L’entourage d’Andry Rajoelina intrigue également : parmi les participants aux conférences de l’IEM, on compte le très discret et controversé millionnaire Maminaina Ravatomanga, dit “Mamy”, figurant sur la liste Forbes des Africains francophones les plus riches. L’homme fait l’objet d’une enquête, à Paris, du Parquet National Financier pour blanchiment et fraude fiscale liés à l’acquisition d’appartements à Levallois-Perret.

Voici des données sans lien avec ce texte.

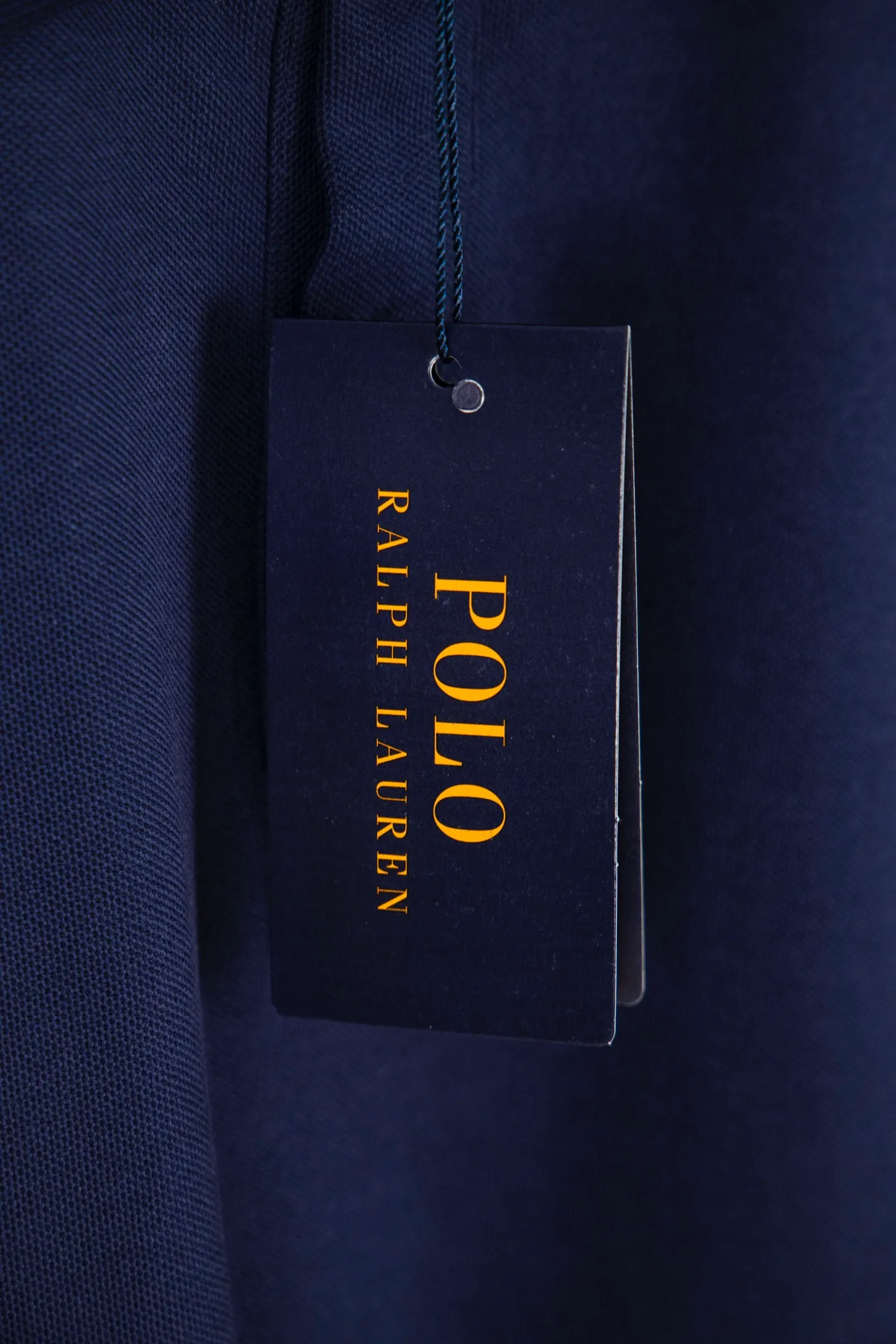 P130 Ralph Lauren/Ralph Lauren men's clothing American retro classic summer polo short-sleeved business casual spring and summer new men's pique cotton short-sleeved shirts There is a small amount left in the original order All fabric accessories are supplied by customers The pique fabric is very comfortable for the upper body in summer, breathable and light, feels delicate, soft and comfortable, skin-friendly, the details and craftsmanship are very good, a must-have for men's wardrobe, the version is simple and elegant, fashionable and casual, the upper body is super handsome. Don't miss it if you like it. Original cotton and linen material, skin-friendly and comfortable, breathable and refreshing The classic embroidered logo is invincible and versatile, suitable for both business and leisure. A complete set of three-label accessories, black, white, navy blue, gray SIZE: S-XL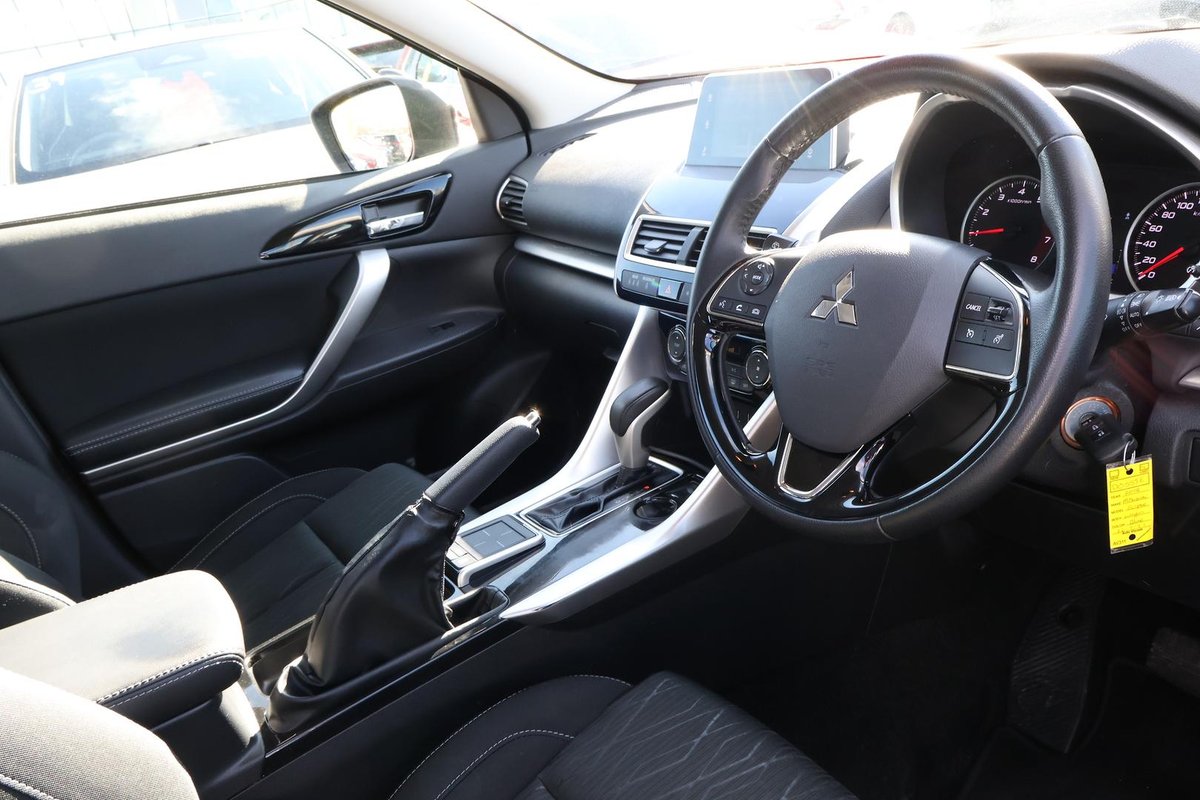 2023 Mitsubishi Eclipse Cross image 7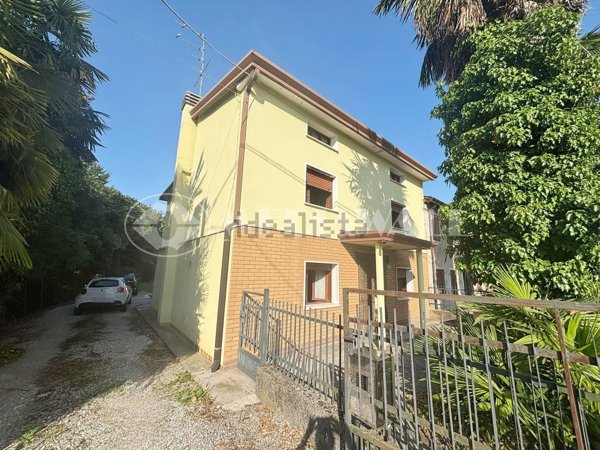 casa indipendente in vendita a Cinto Caomaggiore in zona Settimo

Les magistrats s’interrogent sur la provenance de l’argent ayant permis à ce très proche de M. Rajoelina d’acquérir des biens immobiliers en France pour un montant de 4,5 millions d’euros.

Autre sujet d’inquiétude entourant l’élection du président malgache : l’environnement. « La forêt malgache disparaîtra en cinq ans si Andry Rajoelina continue sa gestion des ressources naturelles comme pendant la Transition », alerte Ndranto Razakamanarina, président de l’Alliance Voahary Gasy, plateforme des ONG environnementales. De 2009 à 2011, une recrudescence sans précédent de trafic de bois de rose avait été observée sur l’île. « La protection de l’environnement est un élément essentiel de l’IEM », rétorque Naina Andriansitohaina, coordinateur du département socio-économique de l’Initiative.

Adoubé par les urnes et par la communauté internationale – plusieurs chefs d’Etat seront présents pour son investiture ce samedi au stade de Mahamasina à Antananarivo – le jeune président malgache assure qu’il a appris des erreurs passées, mûri et est en capacité de relever les défis du pays : 25 millions d’habitants dont les deux tiers vivent avec moins de deux dollars par jour.